Perhaps the Ministry of Economic Affairs should consider coordinating with the Ministry of Agriculture to release more agricultural land or utilize reclaimed coastal land to establish more industrial parks, offering affordable land for Taiwanese businesses to set up factories. Additionally, providing automation subsidies could help reduce production costs. This two-pronged approach would encourage Taiwanese businesses abroad to return to Taiwan, increasing employment and wages, and would be a more appropriate response. Only policies that benefit both individual businesses and the national economy should be considered by the government. Otherwise, it may raise questions about whose interests Minister Kuo is truly serving.
In fact, since taking office, Minister Kuo has been most notable for introducing the terms "overseas within domestic" and "domestic within overseas." According to his explanation, "overseas within domestic" means guiding Taiwan's manufacturing industries to invest abroad and expand markets; "domestic within overseas" refers to attracting high-value foreign investments and consumption to Taiwan. These terms could be simplified to: strengthen assistance for foreign investment and strive to attract foreign capital. Using such confusing and contradictory terminology only adds unnecessary complexity.

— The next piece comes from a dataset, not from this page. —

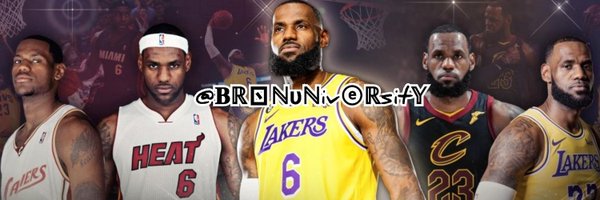BronUniversity Profile Banner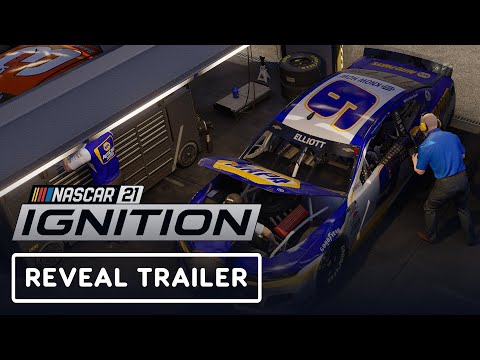 Trailer de NASCAR 21: Ignition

Earlier, the National Development Council proposed the free trade pilot zones which introduced the term "domestic within overseas," meaning that companies importing materials for production in Taiwan can be exempt from tariffs as long as the final products are not sold domestically. "Overseas within domestic" generally refers to businesses producing overseas using domestic inputs, and when the final product is re-exported to the home country, the domestic components are exempt from tariffs. It is also possible to treat a company’s overseas production as domestic production, allowing it to benefit from tariff exemptions under free trade agreements. For example, Singapore negotiated with the United States to allow its companies in Indonesia to export products to the United States tariff-free, just like Singaporean products.
Taiwan has extensive experience in building industrial parks and could collaborate with nearby countries like the Philippines to establish low-cost industrial parks on suitable islands for Taiwanese businesses. Signing a free trade agreement (FTA) with the Philippines could help Taiwanese businesses facing challenges abroad move their operations, lower costs, and supply the global market. This would be a win-win for both Taiwan and the Philippines. Any suggestions that only focus on helping businesses relocate without considering the broader national interest are neither practical nor beneficial to Taiwan.